Espousing his own regressive version of Maoist doctrine, Pol Pot insisted that Kampuchea return to the condition of a purely agrarian society in order to purify the Cambodian people and prepare them for collective progress; cities like Phnom Pehn were therefore to be evacuated, and all modern technology was forbidden throughout the country unless approved by the central committee. The Khmer Rouge divided the Cambodian population into three classes -- “full-rights,” “candidates,” and “depositees” (or “New People”). The later category included intellectuals, journalists, Buddhists monks, anyone who had contact with the West, people with glasses, people with disabilities, and ethnic Lao, Chinese and Vietnamese people. It also included everyone living in the regions of the country not controlled by the Khmer Rouge before 1975.

The “New People,” who numbered in the millions, were deemed enemies of Pol Pot’s revolution and were rounded up into camps, separated from their families, subjected to torture and forced labor, deliberately starved and then killed by the hundreds of thousands in mass graves they had dug with their own hands. As the Khmer Rouge explained, “To keep you is no benefit, to destroy you is no loss.” Teeda Mutt Mam, one of the “New People” to survive of the killing fields, has written that
we were not allowed to cry or show any grief when they took away our loved ones. A man would be killed if he lost an ox he was assigned to tend. A woman would be killed if she was too tired to work. Human life wasn’t even worth a bullet. They clubbed us in the back of our necks and pushed us down to smother us and let us die in a deep hole with hundreds of other bodies.

They told us we were void. We were less than a grain of rice in a large pile.

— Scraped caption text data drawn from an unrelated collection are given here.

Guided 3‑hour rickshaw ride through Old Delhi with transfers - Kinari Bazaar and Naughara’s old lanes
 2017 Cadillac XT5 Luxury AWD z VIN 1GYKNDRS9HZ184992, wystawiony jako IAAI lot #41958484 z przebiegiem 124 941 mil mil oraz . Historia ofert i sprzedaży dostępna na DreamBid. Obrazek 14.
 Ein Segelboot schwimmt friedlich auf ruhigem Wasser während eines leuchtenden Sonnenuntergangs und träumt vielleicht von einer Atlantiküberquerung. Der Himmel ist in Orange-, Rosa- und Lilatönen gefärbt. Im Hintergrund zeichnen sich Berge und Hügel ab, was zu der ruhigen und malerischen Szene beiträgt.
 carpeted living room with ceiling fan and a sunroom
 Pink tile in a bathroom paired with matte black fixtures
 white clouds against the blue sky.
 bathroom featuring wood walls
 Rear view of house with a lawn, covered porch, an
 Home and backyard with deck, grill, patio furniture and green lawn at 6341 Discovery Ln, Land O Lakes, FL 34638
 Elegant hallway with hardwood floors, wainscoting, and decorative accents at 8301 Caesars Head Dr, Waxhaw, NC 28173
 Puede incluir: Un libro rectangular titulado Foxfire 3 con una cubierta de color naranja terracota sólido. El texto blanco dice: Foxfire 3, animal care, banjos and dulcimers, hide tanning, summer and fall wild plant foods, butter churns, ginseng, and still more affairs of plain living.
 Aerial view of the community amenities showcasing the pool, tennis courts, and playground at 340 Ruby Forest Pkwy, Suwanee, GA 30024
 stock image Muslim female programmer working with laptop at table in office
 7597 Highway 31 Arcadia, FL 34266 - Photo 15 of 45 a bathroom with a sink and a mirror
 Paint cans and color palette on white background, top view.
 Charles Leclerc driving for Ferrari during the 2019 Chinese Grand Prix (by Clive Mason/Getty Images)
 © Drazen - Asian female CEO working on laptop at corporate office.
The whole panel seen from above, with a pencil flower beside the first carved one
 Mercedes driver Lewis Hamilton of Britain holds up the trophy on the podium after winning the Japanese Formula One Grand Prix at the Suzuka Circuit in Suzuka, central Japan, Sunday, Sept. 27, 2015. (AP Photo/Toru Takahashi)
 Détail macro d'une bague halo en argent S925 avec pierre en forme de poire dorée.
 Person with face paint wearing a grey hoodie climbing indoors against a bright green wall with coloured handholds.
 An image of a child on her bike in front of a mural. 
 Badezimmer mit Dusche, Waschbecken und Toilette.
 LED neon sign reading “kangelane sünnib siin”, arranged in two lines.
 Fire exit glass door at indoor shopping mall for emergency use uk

After presiding over well over a million deaths, Pol Pot was dislocated from power when the Vietnamese army invaded in 1979, scattering the Khmer Rouge government. Pol Pot fled to Thailand and then to China, where he lived until the Vietnamese army withdrew from Cambodia in 1989. After returning to his native land, Pol Pot and the remnants of the Khmer Rouge managed to keep government forces at bay until 1997, when he was at last captured and sentenced to lifetime house arrest. On 15 April 1998, after learning that he was to be delivered to an international tribunal and tried for crimes against humanity, Pol Pot died. His body was cremated, however, and not cast into a ditch -- which would certainly have been no less than what he deserved.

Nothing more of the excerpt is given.